Christie’s London recently concluded (June 25) the ‘Art of the Islamic and Indian Worlds Including Oriental Rugs and Carpets’ auction, which had a spectacular range of manuscripts, objects and paintings from across the Middle East, India and Europe.
This auction of exquisite antiquities sold a rare Iranian Quran at a whopping £7 million!
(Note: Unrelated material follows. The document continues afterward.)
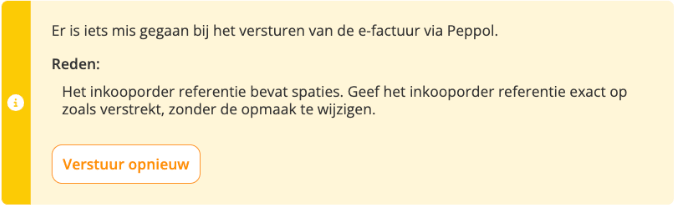 Referentie bevat spaties foutmelding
Dating back to the 15th century, this Timurid or Aqquyunlu Quran is written on Ming-era Chinese paper.
This ancient manuscript belongs to the Timurid dynasty (1370–1507), which was a clan of the Turco-Mongol descendants named after the founder of the dynasty, Timur.
The holy book features elegant Naskh Arabic script on heavily coloured Chinese paper in deep blue, turquoise, pink, purple, orange, green and cream.
The text is in gold and blue with gold roundel verse markers, sura headings (chapter in Quran) are in gold Thultuh (a script variety of Islamic calligraphy by Muqlah Shirazi).
Certain important words from this text and the medallions in the margin are illuminated in gold, blue and white; and many folios are illuminated with elegant flowers and landscapes in gold beneath the text.
Breathtakingly beautiful, this holy book is covered with a stamped and gilt Safavid binding.
The auction house had expected to fetch between £600,000 and £900,000, but price realised was £7,016,250, which is almost 12 times the original price.